NAD tagSeq reveals that NAD + -capped RNAs are mostly produced from a large number of protein-coding genes in Arabidopsis

The 5′ end of a eukaryotic mRNA transcript generally has a 7-methylguanosine (m 7 G) cap that protects mRNA from degradation and mediates almost all other aspects of gene expression. Some RNAs in Escherichia coli , yeast, and mammals were recently found to contain an NAD + cap. Here, we report the development of the method NAD tagSeq for transcriptome-wide identification and quantification of NAD + -capped RNAs (NAD-RNAs).
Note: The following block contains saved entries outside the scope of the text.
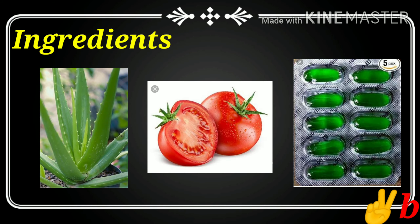Simple face pack — aloe vera, tomato, vitamin E capsule.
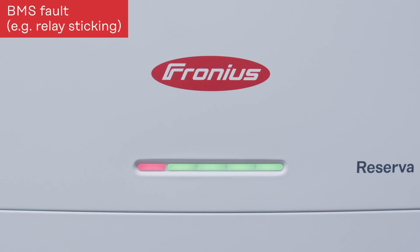Last but not least, there is a BMS failure. This can be caused by an internal failure such as a relay that is stuck inside the BMS. This LED status indicates that the BMS itself has a failure.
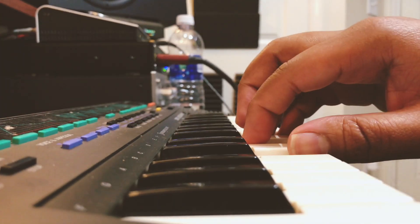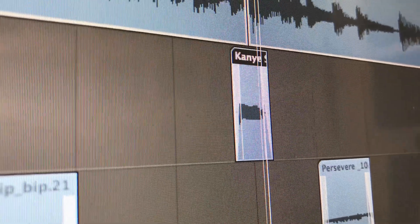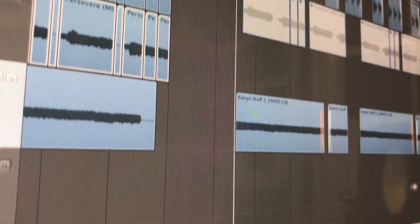Loop it up. Boop. You ain't hear nothing like this. Jones, let's work, bro.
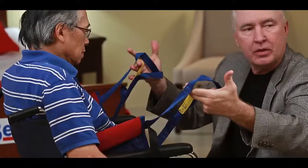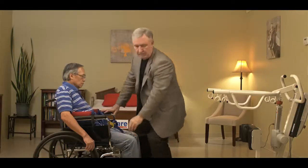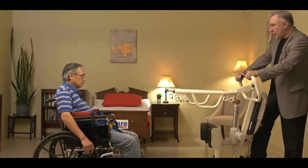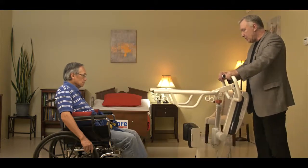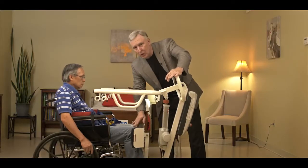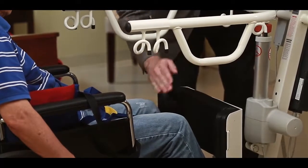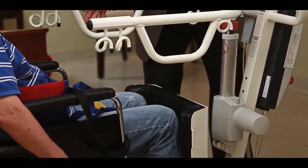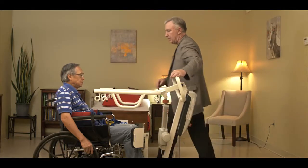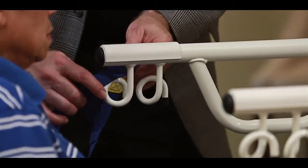Tighten it so it's nice and secure around the patient's waist. Now make sure you have access to the sets of loops on the support vest. The next step: bring our sit-to-stand SA product up to the patient, open up the base, put the feet on the platform, and bring the knee brace as close as you can to the patient's knees. If needed, adjust the knee brace in and out, up and down so it's in the right spot. Then lock the wheels and connect the loops on the vest to the hooks on the SA.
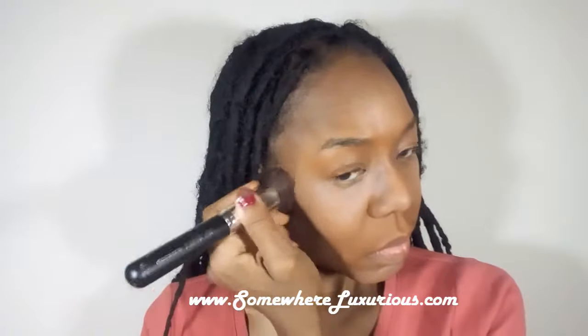Blending was definitely key in this look for me — a lot of blending. My beauty blender is definitely damp. I'm setting my highlight with Ben Nye Banana Powder. I always use Ben Nye Banana Powder to set my highlight.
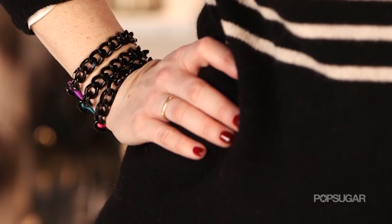Hi, I'm Allison McNamara. Today's DIY is so simple. We're making chain hair tie bracelets. Let's get started.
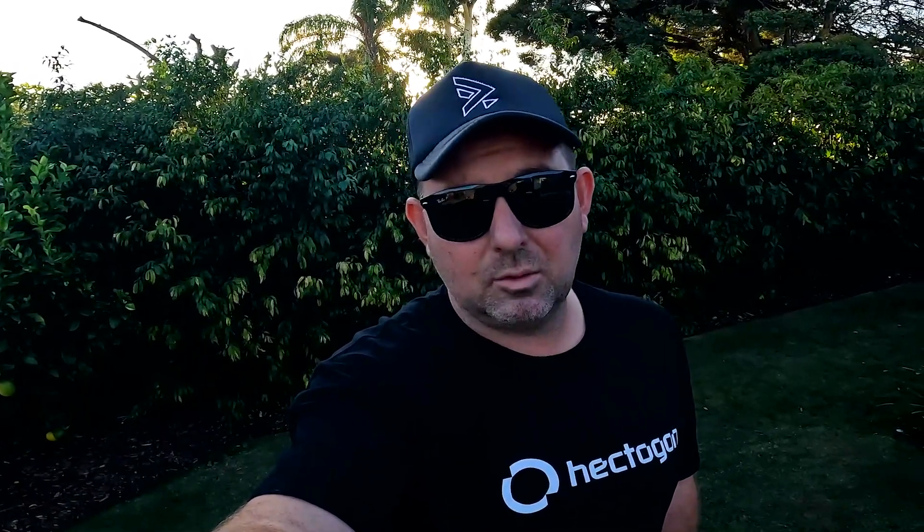I did spray a selective to kill ryegrass about two weeks ago. They say to spray it again after three weeks. It doesn't appear to be doing anything. My dog is still using my lawn as a toilet to some degree and it just looks shite. So if you're not interested in my pH, probably hit skip now and go watch an educational video that might benefit you. Otherwise, strap in — we're going to do a pH test.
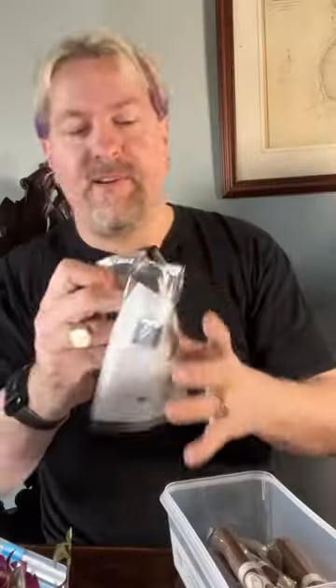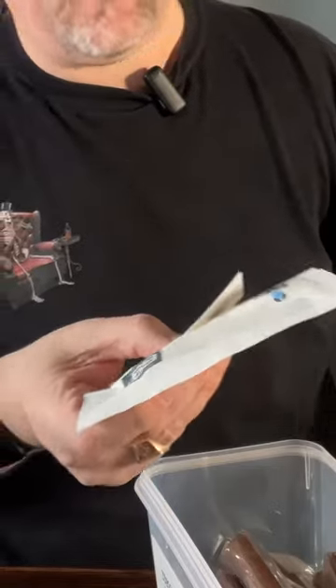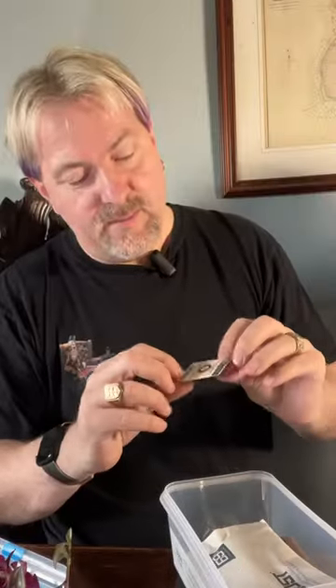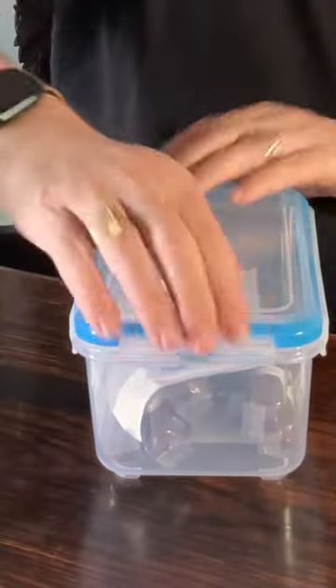Next thing you want to do is just drop a humidification pouch in. I'm using the Boost system. The reason I like this system is it's just a pouch — it doesn't have any salt in it, so it's literally a gel. Drop that in, and it also comes with an indicator card that tells you when it changes color, meaning the pouch needs changing. Then drop the lid back on and you're good to go.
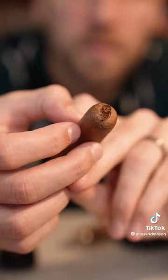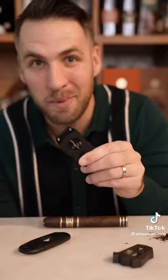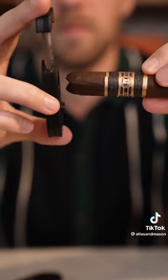But all Vs are not created equal. Some Vs aren't sharp enough, and some Vs aren't deep enough. But this V right here is the best V of them all. It's deep, it's sharp, and every time I use it, I have a great time. Most of the time one V will be enough, but if you need a little bit more, you can always flip that thing over and add another.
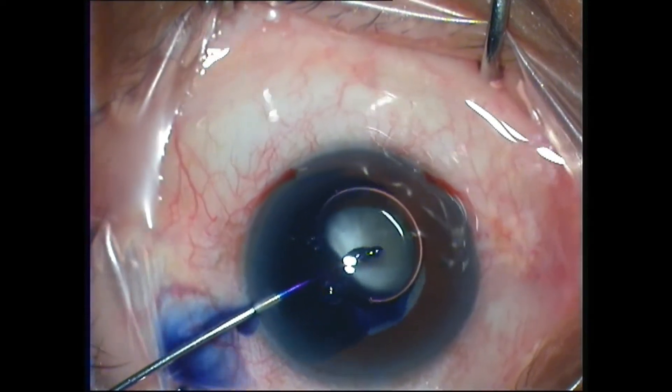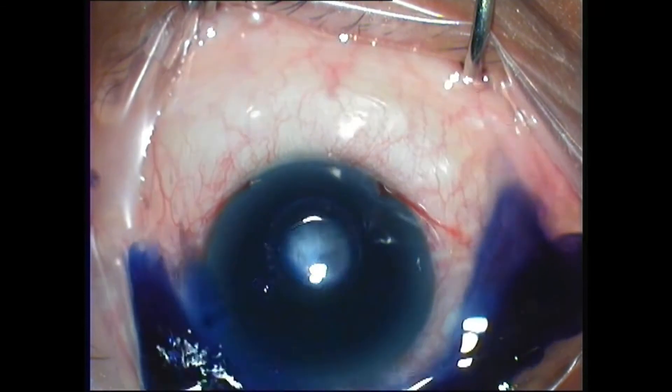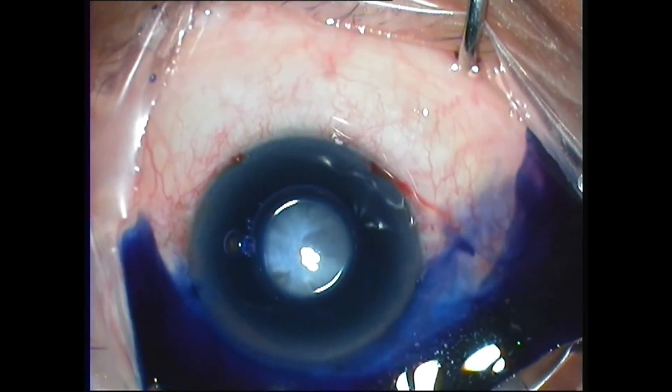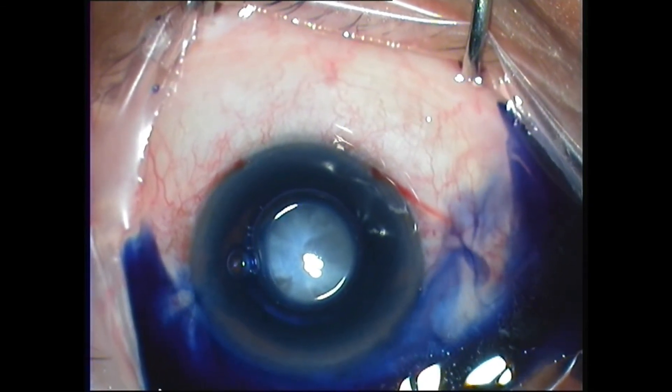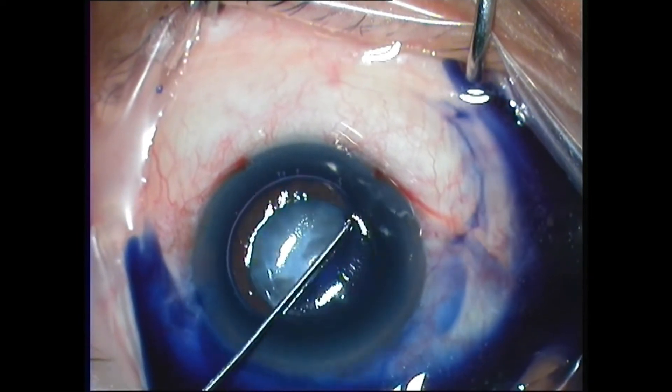In some cases the air trap technique will not work because the anterior chamber is shallow and because there is positive pressure. The air bubble is also large and is contacting the anterior capsule of the lens, which means that there will be a part of the anterior capsule that is devoid of stain.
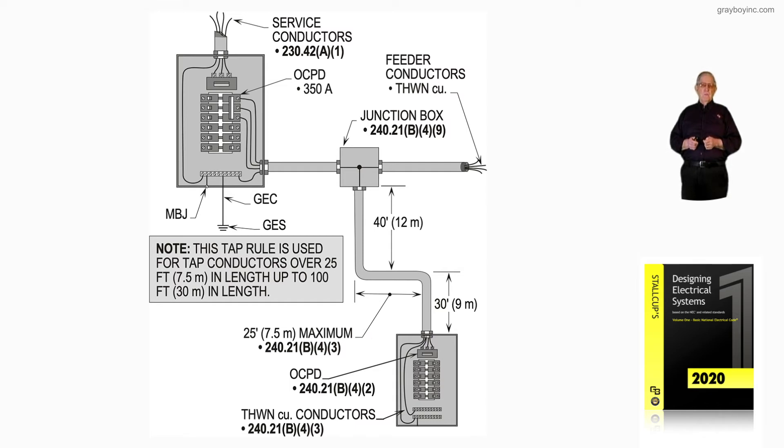Notice we have a 350 amp main ahead of that feeder. We have a junction box that complies with 240.21(B)(4) item 9. Notice we're tapping with smaller conductors, and the minimum size tap that could be made in this over 25 foot up to 100 foot run is number six. The tap conductors meet 240.21(B) item three, and the overcurrent protection device where the tap terminates to the main in the panel board is 240.21(B) item three.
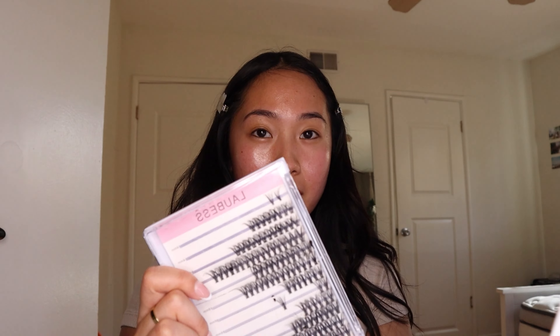For today's lashes, we're going to be using these LA Best clusters I just got from Amazon — 16 millimeters and 14 millimeters. I'm also going to stack with these thinner LA Best clusters to make it more wispy and dramatic.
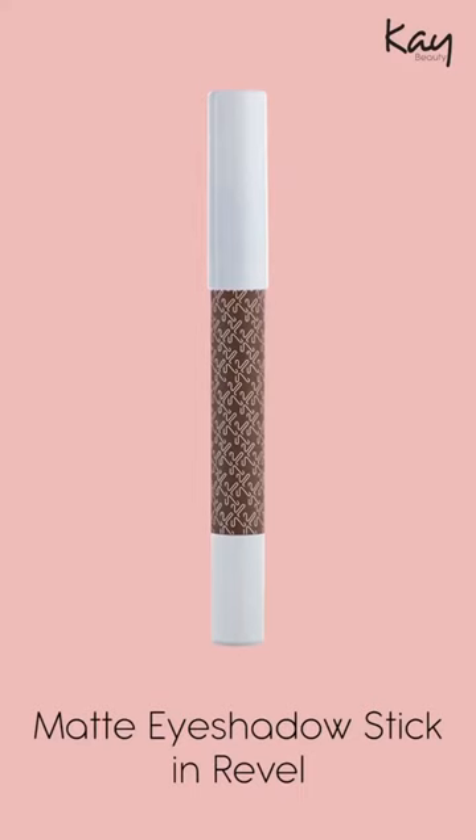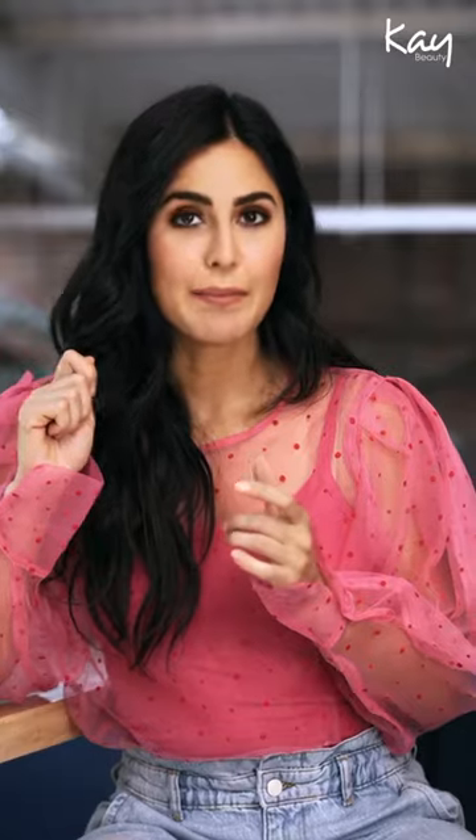So the eyeshadow crayon which I like to use the most is called Revel. The reason I like that is because it's matte — it's not too shiny — and I can use it in all the areas we just talked about: on the top of your lid, underneath your lid, just underneath my cheekbones, underneath my jawline, and a little bit on the forehead. And again, you just blend it with your fingertips like that, which gives you a nice contoured look.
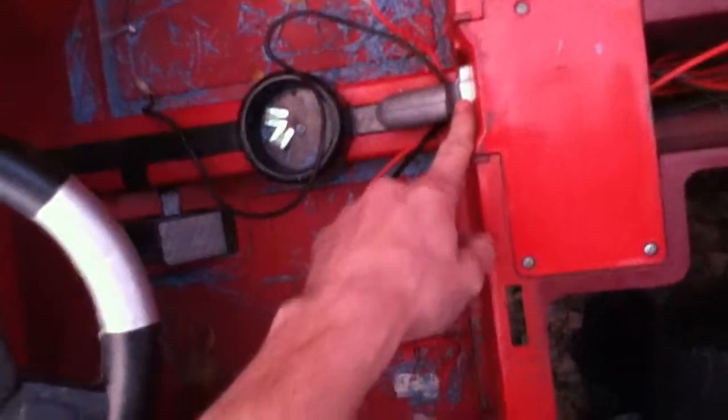Basically I took out all the wiring completely and remade it. All I have that's original power wheels is the switches in the shifter and behind the gas pedal.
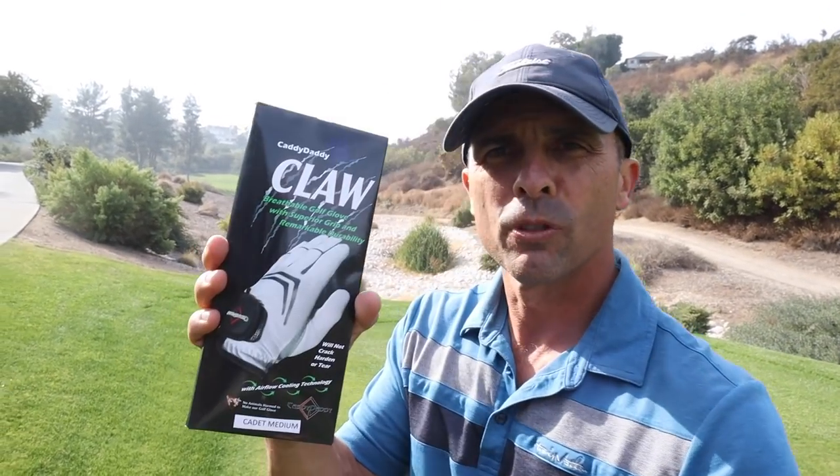Okay, today glove test. Put this bad boy to the test. Let's go.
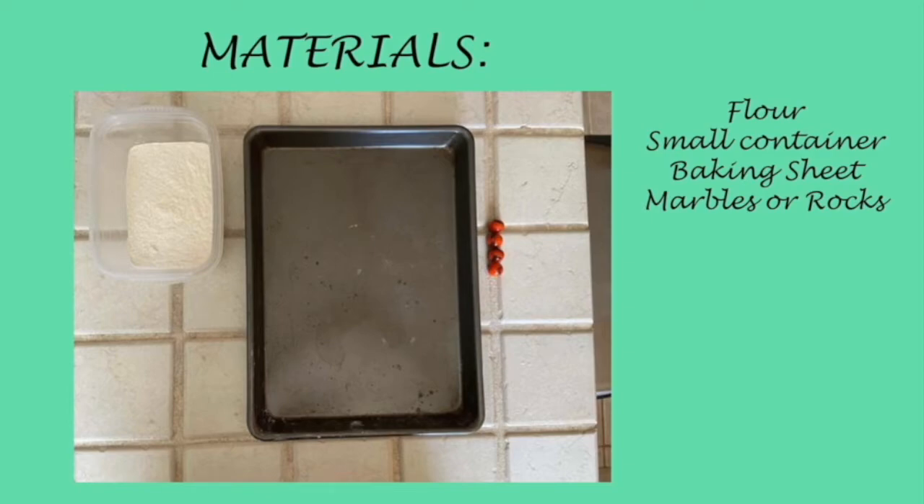For this experiment, you will need flour, a small container that can be filled with flour, a baking sheet, newspaper or something to help prevent spillage of flour, and marbles or rocks.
The method uses an enzymatic reaction and then a click chemistry reaction to label NAD-RNAs with a synthetic RNA tag. The tagged RNA molecules can be enriched and directly sequenced using the Oxford Nanopore sequencing technology. NAD tagSeq can allow more accurate identification and quantification of NAD-RNAs, as well as reveal the sequences of whole NAD-RNA transcripts using single-molecule RNA sequencing. Using NAD tagSeq, we found that NAD-RNAs in Arabidopsis were produced by at least several thousand genes, most of which are protein-coding genes, with the majority of these transcripts coming from <200 genes. For some Arabidopsis genes, over 5% of their transcripts were NAD capped. Gene ontology terms overrepresented in the 2,000 genes that produced the highest numbers of NAD-RNAs are related to photosynthesis, protein synthesis, and responses to cytokinin and stresses. The NAD-RNAs in Arabidopsis generally have the same overall sequence structures as the canonical m 7 G-capped mRNAs, although most of them appear to have a shorter 5′ untranslated region (5′ UTR). The identification and quantification of NAD-RNAs and revelation of their sequence features can provide essential steps toward understanding the functions of NAD-RNAs.